マルケス

落下の解剖学のマルケスのレビュー・感想・評価

落下の解剖学(2023年製作の映画)
3.5
序盤は有りがちな法廷劇。ただ裁判が進むにつれ、死因や動機を解き明かす映画とは違った側面が見えてくる。

事故なのか自殺なのか、あるいは殺人なのか。
弁護士ヴァンサンの言葉通り、サンドラの「殺してない」主張より重要なのは「君が人の目にどう映るかだ」
観客は陪審員になったように裁判の行方を見守り、エンドロールが流れる頃には判断を下すことになる。

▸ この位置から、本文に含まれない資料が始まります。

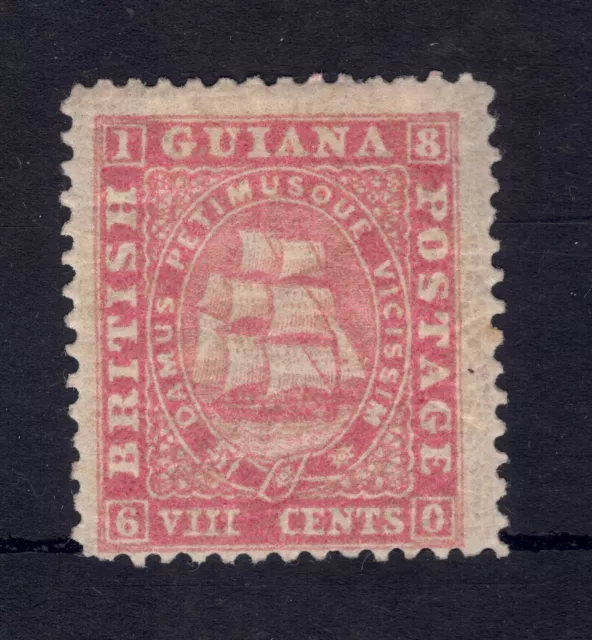 BRITISH GUIANA Scott # 33c, MINT / F - VF / Medium Hinging! SCV $300.00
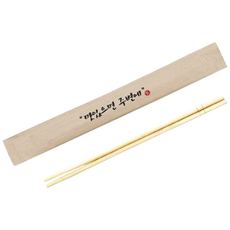 팩스타 일회용 대나무 젓가락 맛있으면 크라프트, 100개입, 1세트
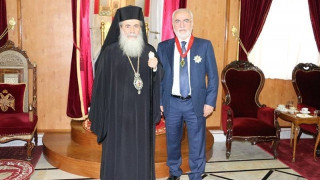 Στον Πατριάρχη Ιεροσολύμων ο Ιβάν Σαββίδης! (pics & video)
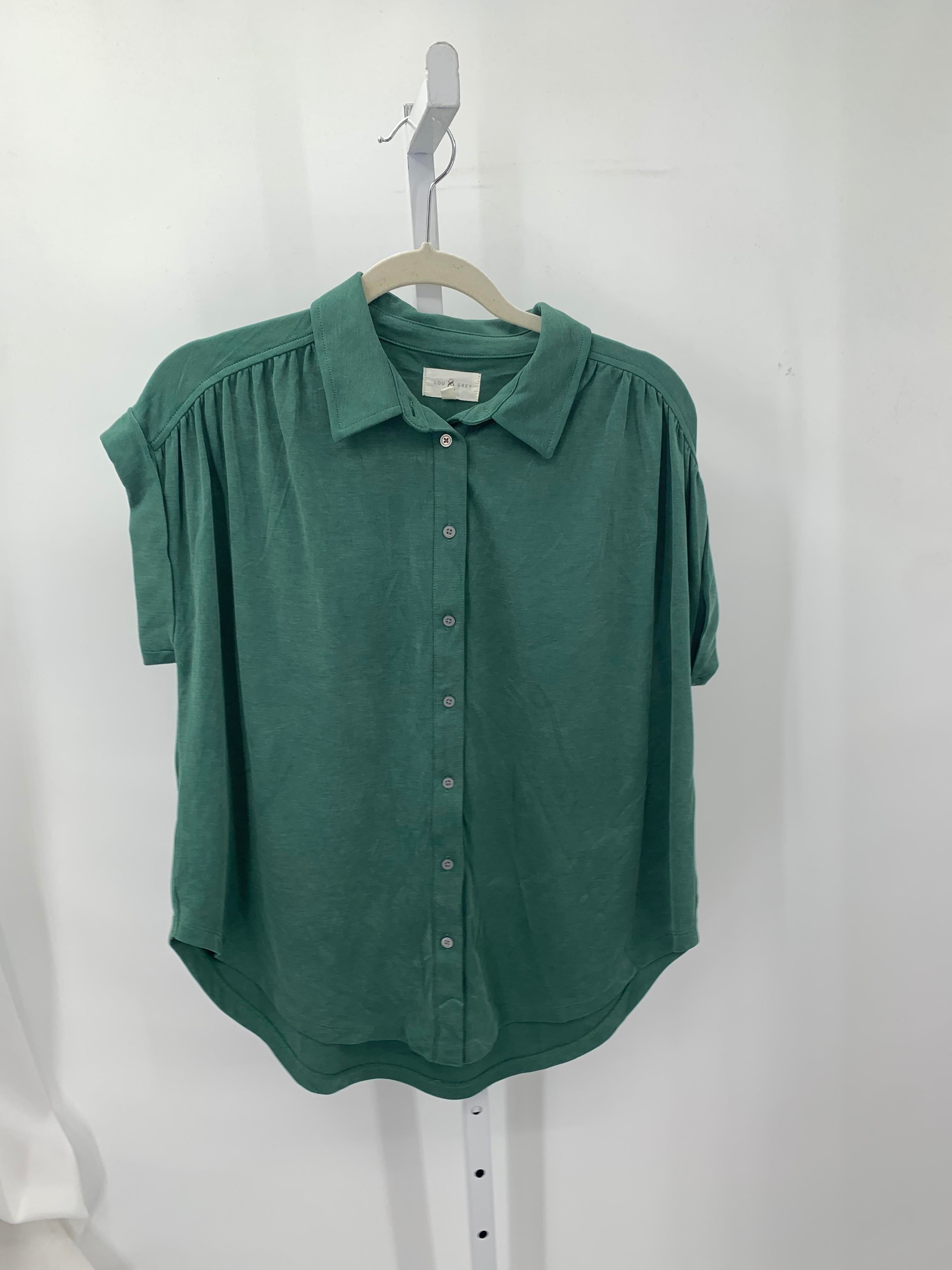 Lou & Grey Size Medium Misses Short Sleeve Shirt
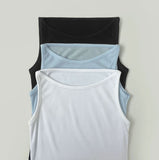 Daily Ribbed Cover Boat Neck Sleeveless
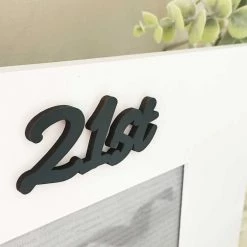 Giftworks Birthday 3D Text Signature Photo Frame GENERAL GIFTS 15 Giftworks Birthday 3D Text Signature Photo Frame GENERAL GIFTS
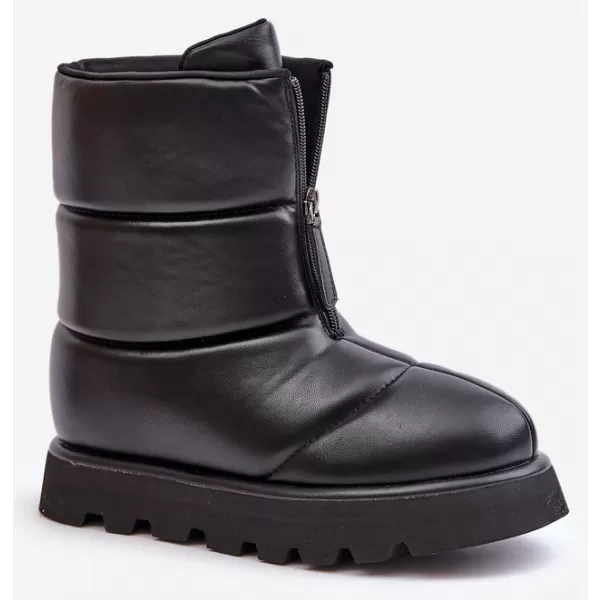  Dámske snehule BOTO C-314 BLACK 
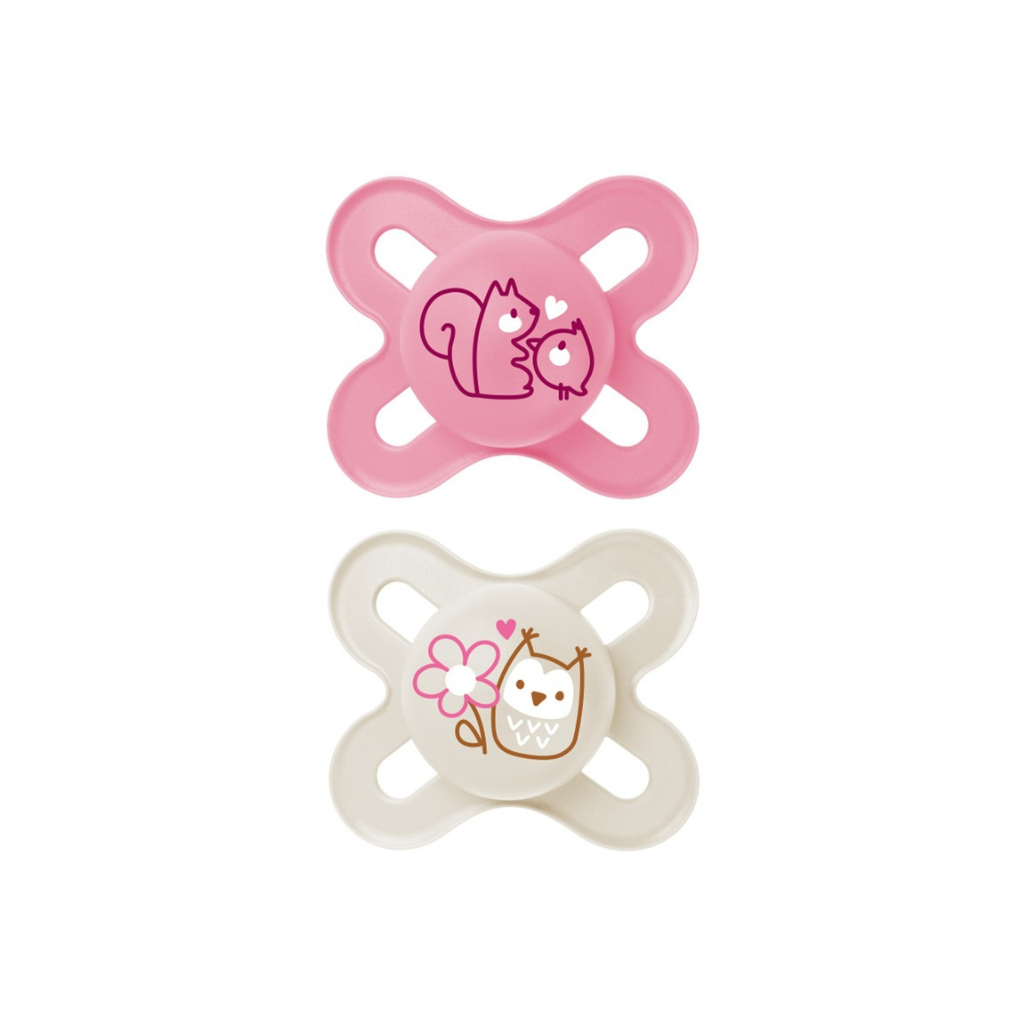 MAM Fopspeen + 0 maanden Original Start roze - 2 stuks
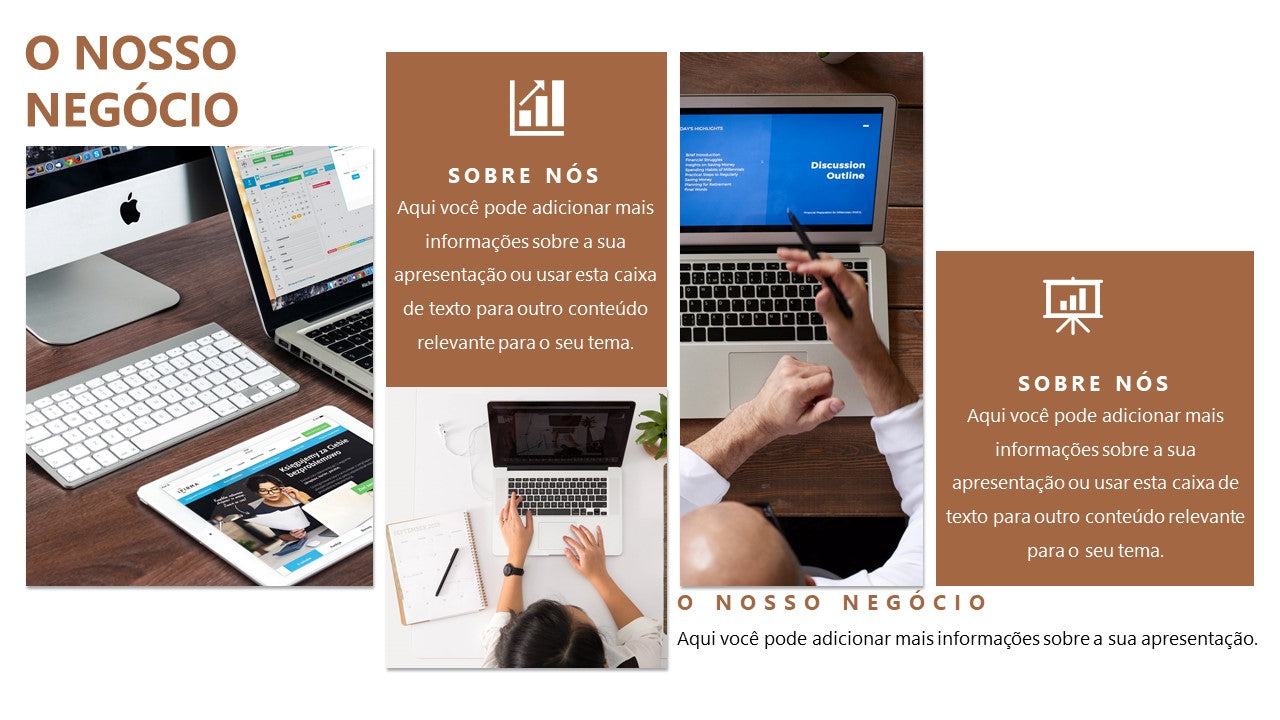 Template PowerPoint Projetos - 30 Slides Profissionais Multiusos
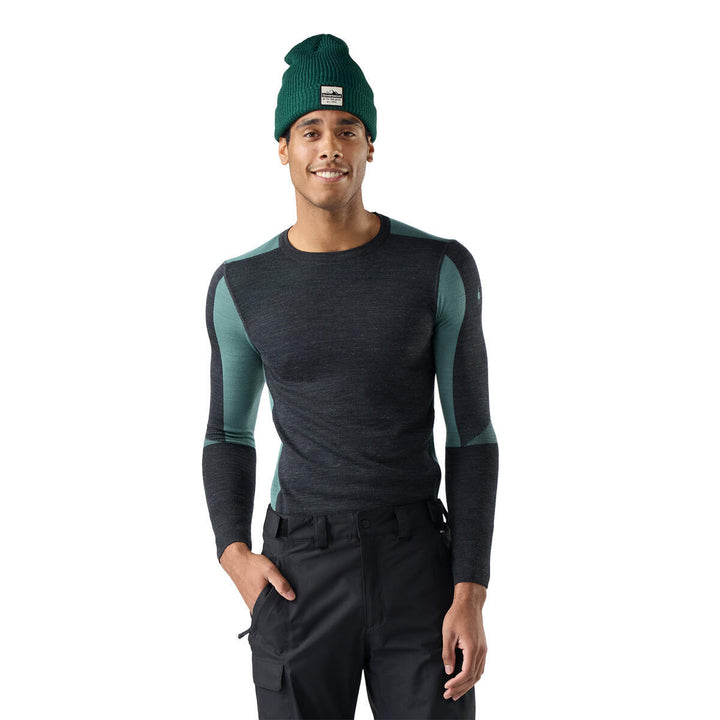 Intraknit Thermal Merino Base Layer Colorblock Crew - Long Sleeve - Men's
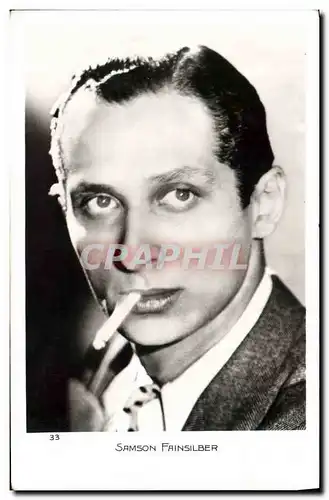 Moderne Karte Cinema Samson Fainsilber Cigarette Tabac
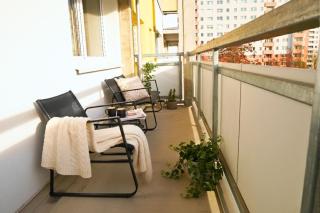 Gemütliches 3-Raum Apartment mit Boxspringbetten, vollausgestattet Küche, Balkon, WLAN, 40 Zoll HD-TV, Parkplätze - 4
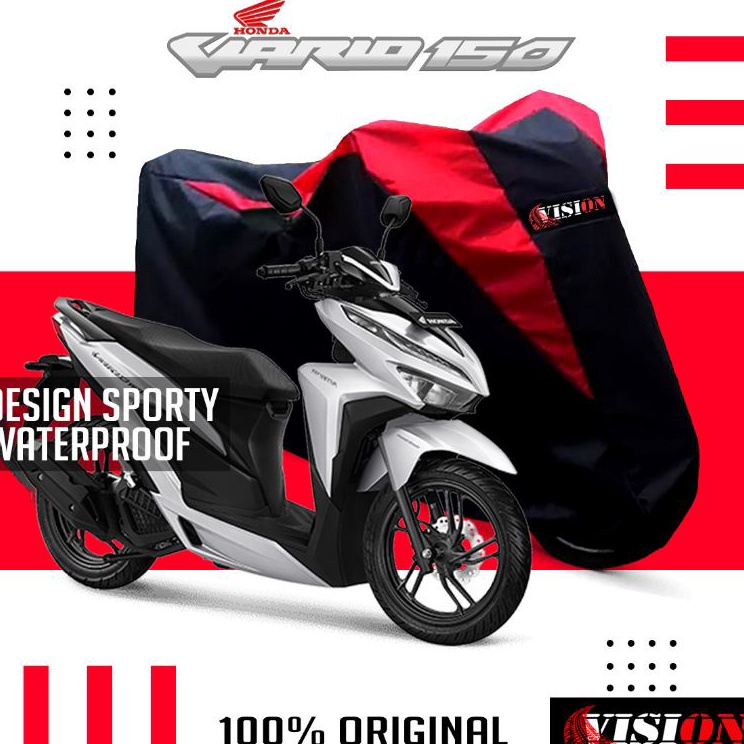 ← Cover motor Vario 125/150 Penutup motor Vario 125/150 Sarung motor Vario 125/150 waterproof ✪ ❉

傷つき悩みながらも母を選んだダニエルは、思っていることを全部話せたんだろうか。胸の奥深くに閉じ込めた思いが人格を歪ませ、いつか噴き出したりしないだろうか。
ラストカットはスヌープと添い寝するサンドラ。やけに長いシーンだった。

結末を観客に委ねる脚本はおいしい(言い換えればズルイ)手法だとも思う。どうとでも解釈ができるし、確実に余韻が後を引く。洗練された体裁になり作品が格上げしたりもする。
まんまと演出家の思惑通りにずっと考えている。書き出したらすっごい長文になりそうだからやめるけど。